You can be sure that car dealer Larry Barnett won't be getting any presents on Boss's Day next year, after he tried to hire a hit man to knock off a former employee. The almost victim discovered the plot quite by accident.  Mr. Barnett was on another phone hiring the assassin when he butt dialed the victim, who overheard the plot and called police.

This economy has been rough on the average working man and woman the past five years, but there was a time when the worst that could happen was being fired. Apparently, a lot has changed in the world of business. It's becoming a lot more cutthroat...literally!


U.S. and British Spies Infiltrate Middle Earth. Will Gollum Have His Phone Tapped?

You have to hand it to our spy agencies. They'll go anywhere to uncover a terrorist plot against America...even if that means chasing down suspects like elves, gnomes and supermodels, according to an article in the New York Times. Spies have targeted World of Warcraft and Second Life, and have gone so far as to create avatars to collect data on players and recruit informants. The theory is that the games may be hotbeds of communication between terrorists. According to one memo,  "Virtual games “are an opportunity!” another 2008 N.S.A. document declared."

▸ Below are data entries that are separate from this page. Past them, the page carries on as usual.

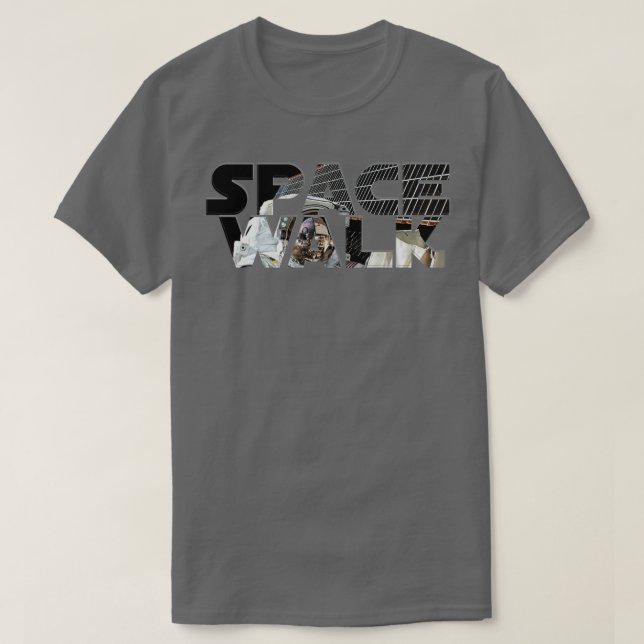 Camiseta caminata espacial 1 (Diseño del anverso)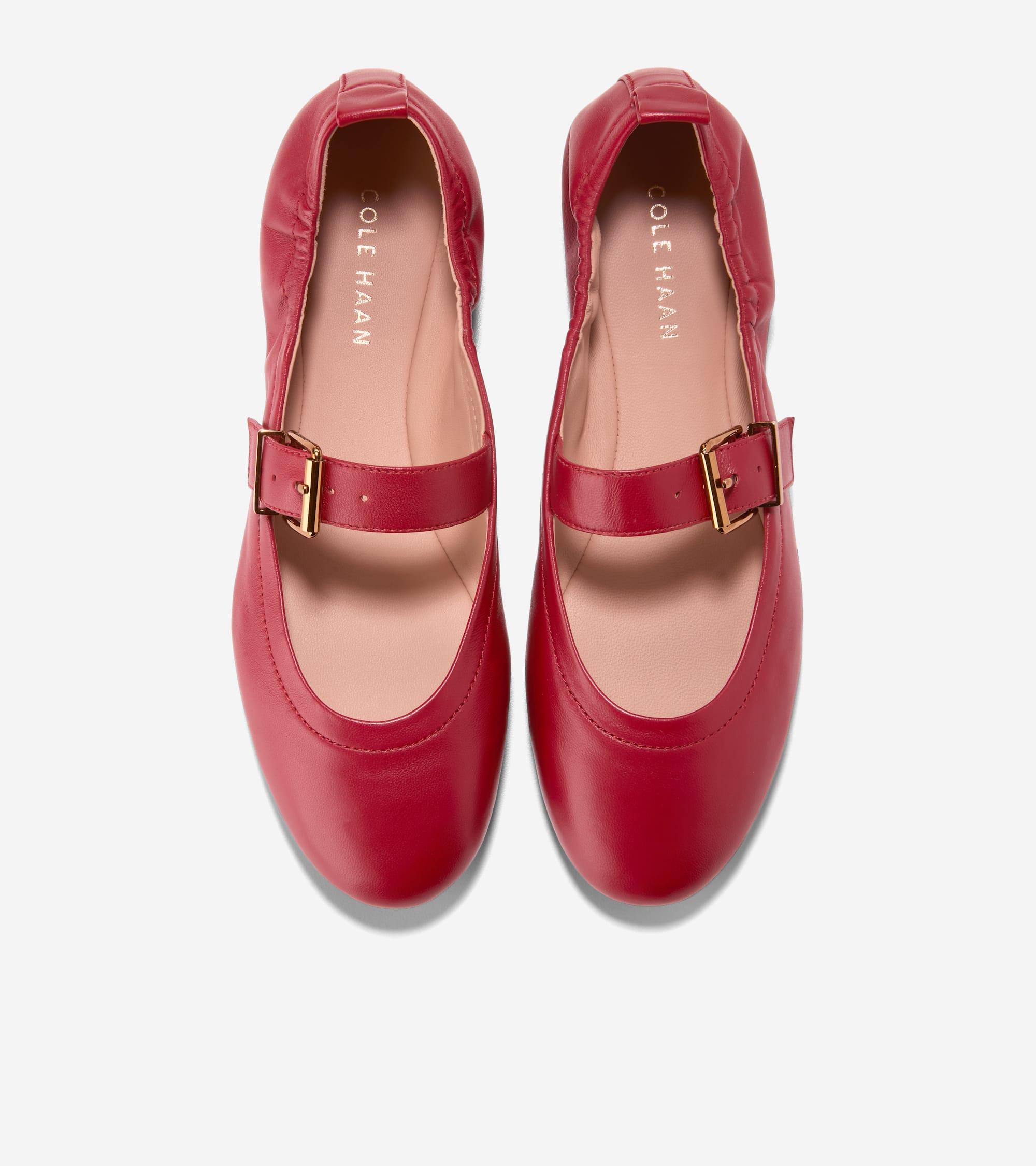 Women's Hooded Trench Coat in Red | Cole Haan Product Image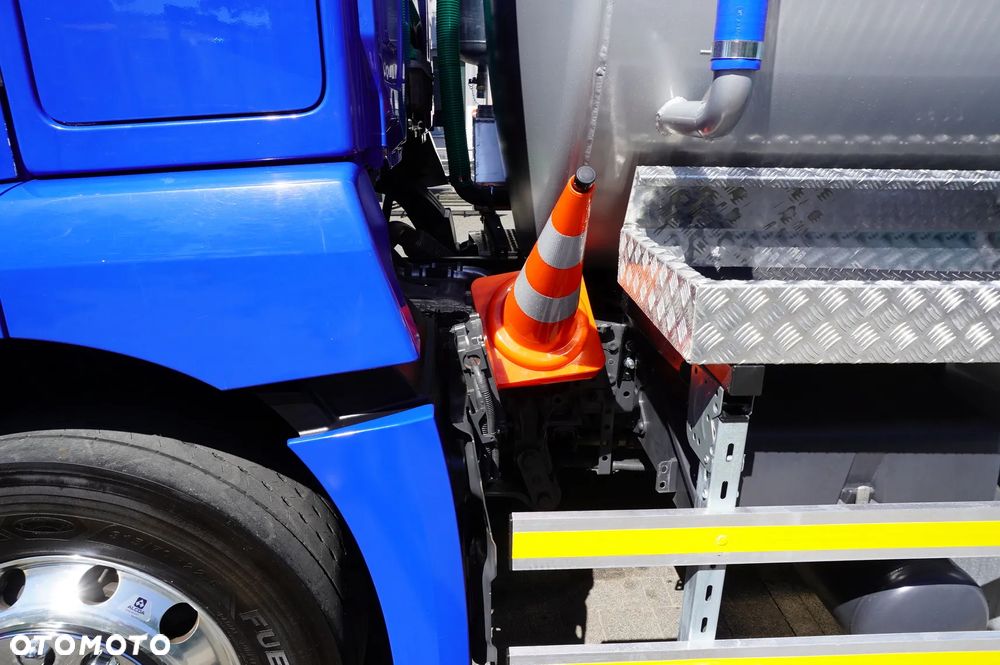 Mercedes-Benz Actros 18.35 LS / Zabudowa NOWA beczka asenizacyjna (08/2025) 11000 l / 280 tys. km! - 14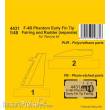 CMK 4431 - F-4B Phantom Early Fin Tip Fairing and Rudder (separate) in 1:48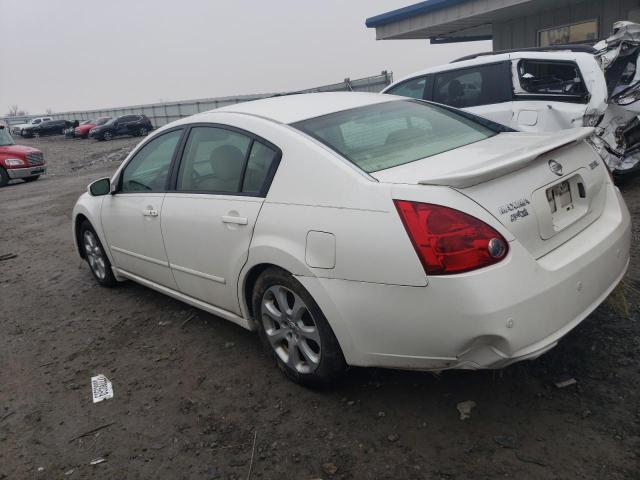 Photo 2 from auction – 2007 NISSAN MAXIMA SE with VIN 1N4BA41E67C861141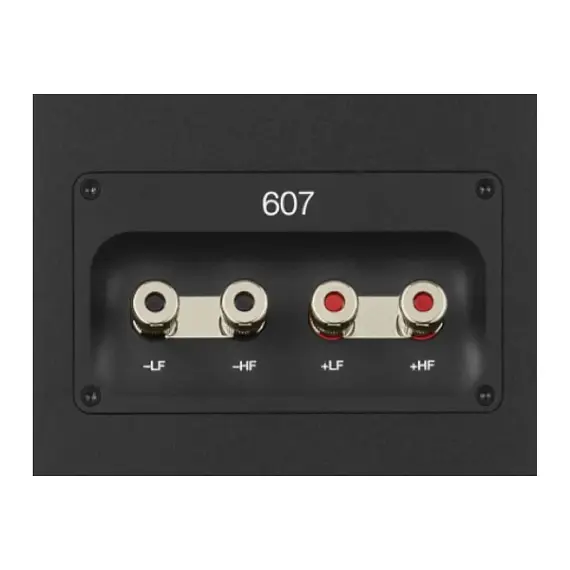 Полочная акустика Bowers & Wilkins 607 S3 Black, Цвет: Black, изображение 2
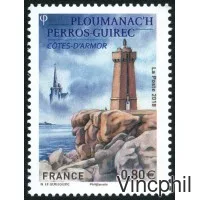 5244 ** Phare de Perros Guirec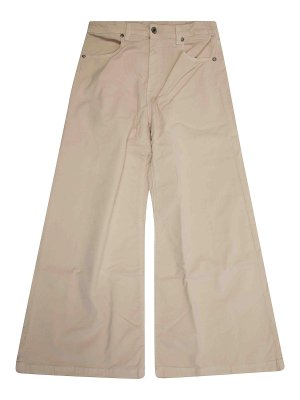 CASABLANCA: pantaloni casual - Pantalone Flare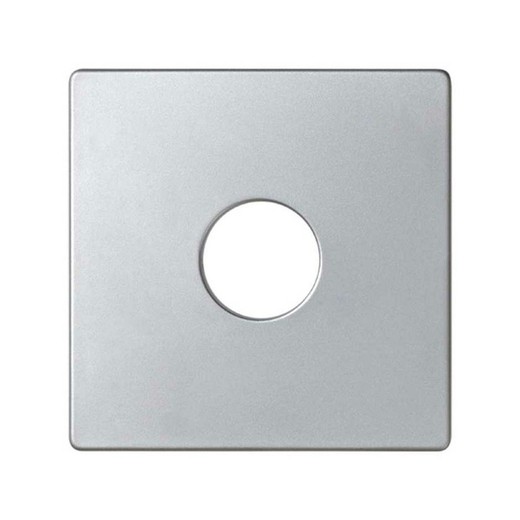 Tapa para mecanismos de llave-altavoz mono aluminio Simon 82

It's an opportunity alright...an opportunity to play games and oogle girls (which your taxes are paying for, by the way). Yeah, I can see how super models might pose a threat to national security. Bet they watched the Victoria's Secret Fashion Show this year, too.

TSA Seizes Gun at the Airport...From a Sock Monkey

Seattle resident Phyllis May, who makes sock monkeys and sells them online, got a shock at the St. Louis airport recently when a TSA agent pulled her carry-on bag from the scanner.  The small business owner was told that she had a gun in her bag, and it was seized.

 The gun actually belonged to her sock monkey. The weapon is about the size of three quarters laid end to end. It weighs less than one ounce.

When Ms. May protested, the agent allegedly said, "If I held it up to your neck, you wouldn’t know if it was real or not...". The agent also told her to contact the police about the incident.

Her sewing supplies were also seized, although she got them back, minus the weapon (naturally).

No word on the whereabouts of the sock monkey suspect, Rooster Monkburn, and we have been unable to determine if he was arrested or if bail has been set.